What the task asks.
What is needed is an exact reproduction of the lines in the records below, starting at the line with "Abstract modern dynamical" and ending at the line with "Field service stats", both included, and nothing else; pictures stay out.

Working data.
<<<<

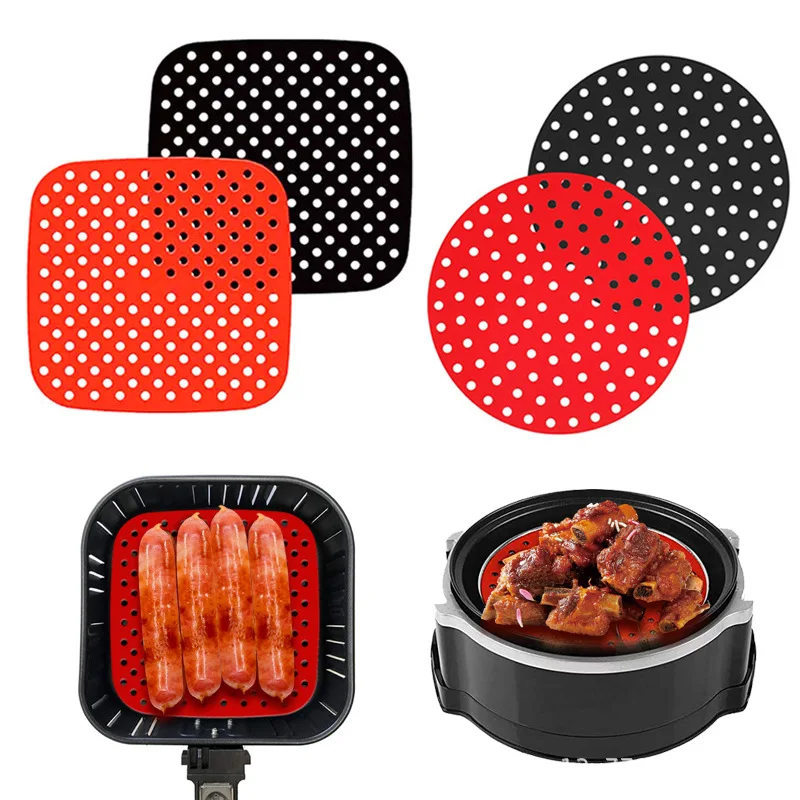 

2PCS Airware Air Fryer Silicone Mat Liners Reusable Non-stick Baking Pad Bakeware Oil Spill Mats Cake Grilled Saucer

>>>>
<<<<

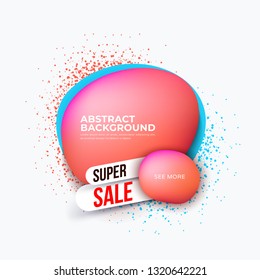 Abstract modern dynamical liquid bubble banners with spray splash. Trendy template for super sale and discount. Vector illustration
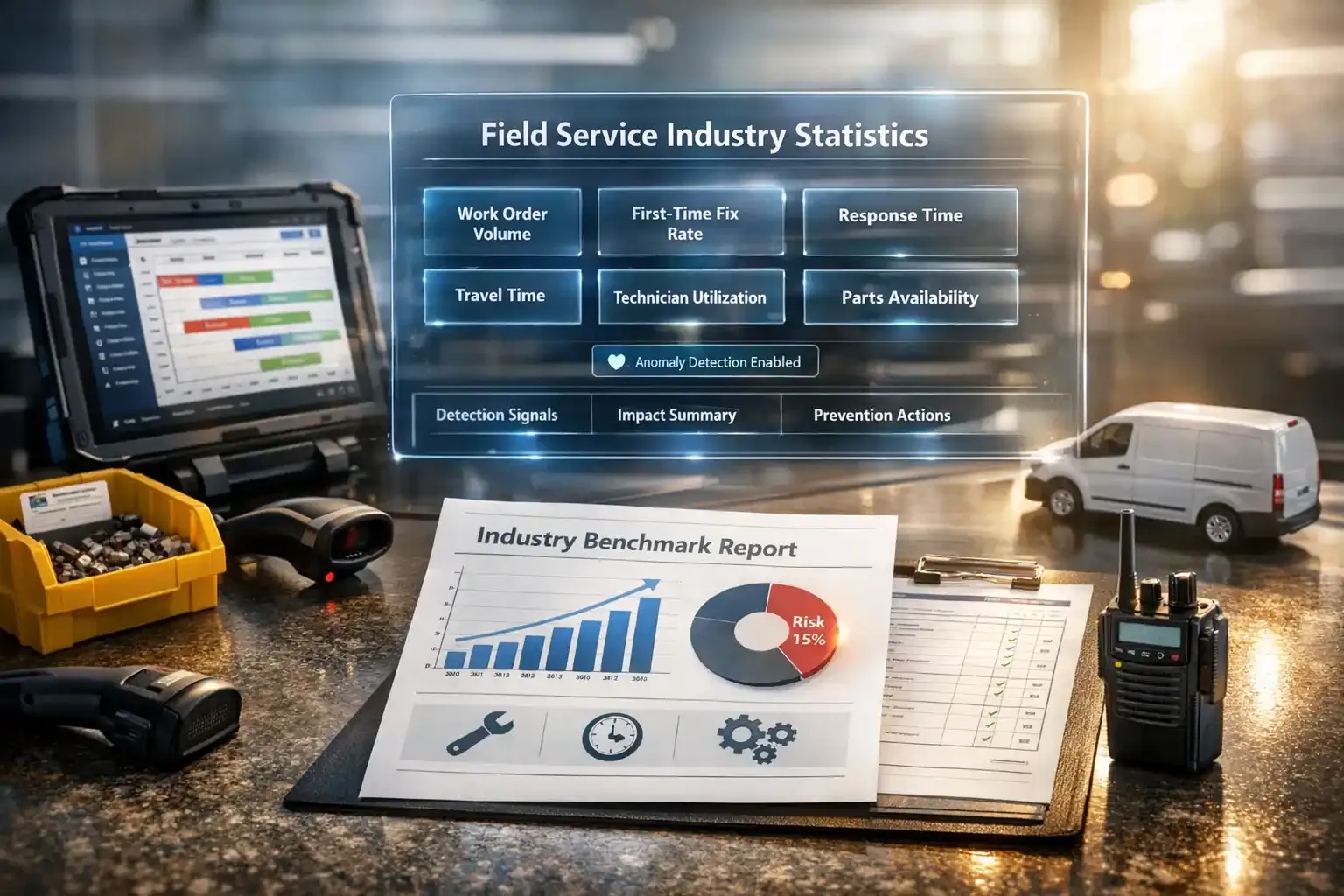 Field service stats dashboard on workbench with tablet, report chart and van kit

>>>>

Exercise answer.
 Abstract modern dynamical liquid bubble banners with spray splash. Trendy template for super sale and discount. Vector illustration
 Field service stats dashboard on workbench with tablet, report chart and van kit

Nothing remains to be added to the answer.